对聚合物混合物的谱库搜索结果列表进行多变量分析

Multivariate Analysis of a Hit List from a Spectral Search of a Polymer Mixture

Abstract

This application note describes a new method that combines cheminformatics tools with chemometrics tools for Principal Component  Analysis  (PCA)  in  an  intuitive  environment  for performing  multivariate  analyses  on  spectral  as  well  as chromatographic data.   A new patent-pending technology Overlap Density Heatmaps (ODHs) allows the comparative visualization of large datasets of spectra or chromatograms and are used for visual data mining and analysis to assess the similarities and dissimilarities in large amounts of spectral,chromatographic, and other graphical data.

Currently, the use of PCA to analyze and visualize spectral hit lists generated from searching one or more reference databases is not a widely known technique.

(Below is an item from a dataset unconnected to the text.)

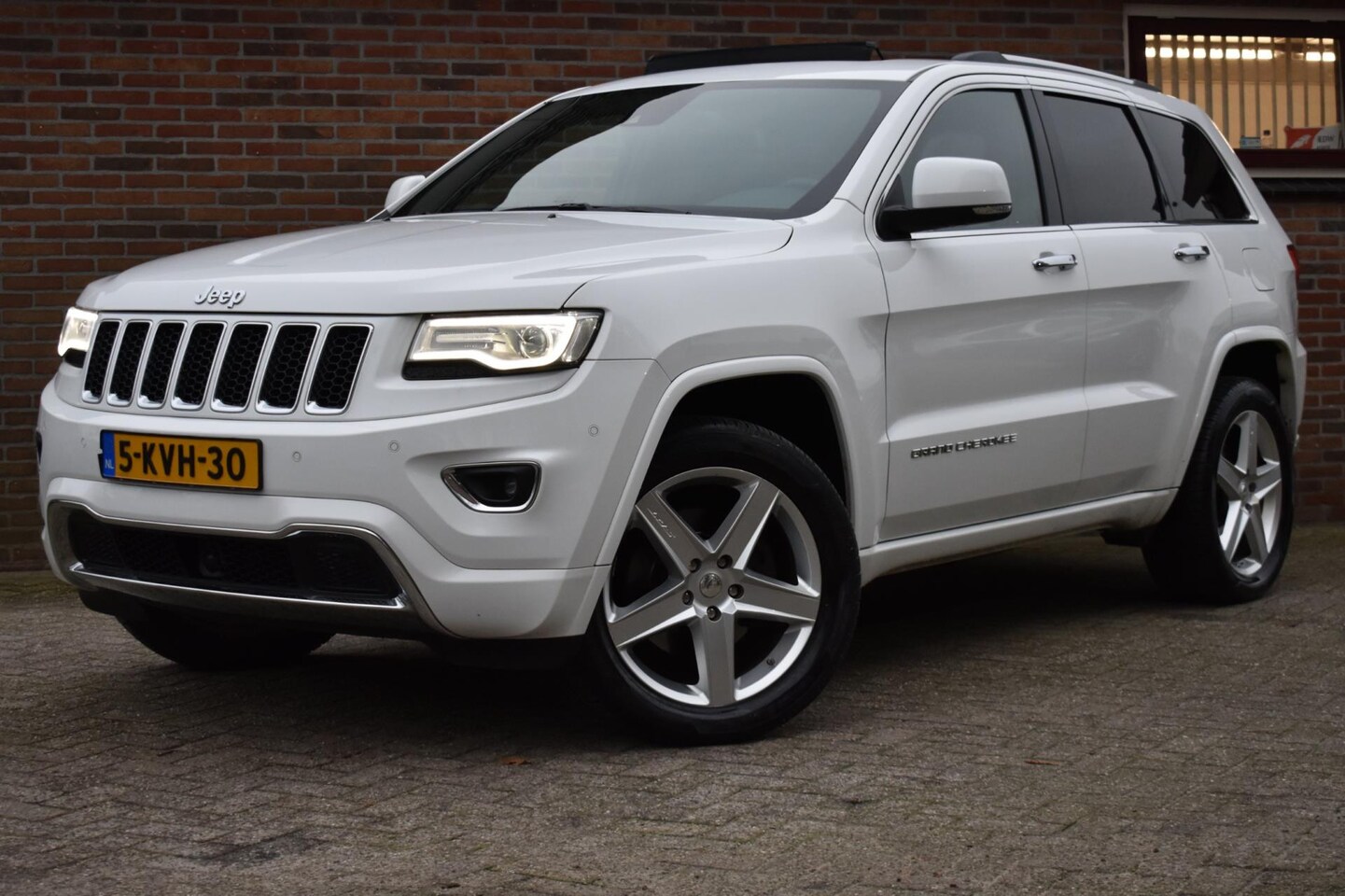 Jeep Grand Cherokee - 3.0 CRD Overland '13 Xenon Leder Pano Clima Navi Cruise Inruil mogelijk - AutoWereld.nl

However, as more case studies and applications are introduced, it is expected that this technique will rapidly become more commonplace in the laboratory.   In this case study, this new   approach for spectroscopic analysis will be examined as applied to polymeric IR data using a combination of PCA and ODH technologies to analyze a query and the hit list resulting from an IR spectral search and to perform an overall analysis of a database.

Conclusions

Principal Component Analysis (PCA) appears to be a valuable tool to analyze the results of standard spectral searches-a spectral query and hit list-providing useful insights into the nature of the compounds in the hit list relative to the query.

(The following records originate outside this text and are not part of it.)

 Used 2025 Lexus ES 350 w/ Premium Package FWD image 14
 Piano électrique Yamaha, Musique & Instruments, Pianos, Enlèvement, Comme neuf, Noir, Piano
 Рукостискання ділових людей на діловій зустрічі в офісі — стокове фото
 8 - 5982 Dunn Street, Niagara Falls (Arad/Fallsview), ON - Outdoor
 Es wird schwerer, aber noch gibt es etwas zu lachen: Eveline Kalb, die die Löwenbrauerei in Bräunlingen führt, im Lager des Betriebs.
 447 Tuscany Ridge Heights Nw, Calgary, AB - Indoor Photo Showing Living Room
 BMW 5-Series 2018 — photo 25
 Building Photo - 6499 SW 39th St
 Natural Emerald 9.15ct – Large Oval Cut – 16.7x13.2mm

Overlap Density Heatmaps (ODHs) not only confirm the value of the  technique,  but  are  also  a  useful  complement  to  the multivariate processing capabilities afforded by PCA.   This technique  is  an  excellent  tool  to  identify  components  in mixtures and can be used effectively in the polymer industry to analyze polymeric samples. It is more precise than spectral subtraction, which performs the point-by-point subtraction of one spectrum from another, and it is especially useful when analyzing mixtures or composite spectra.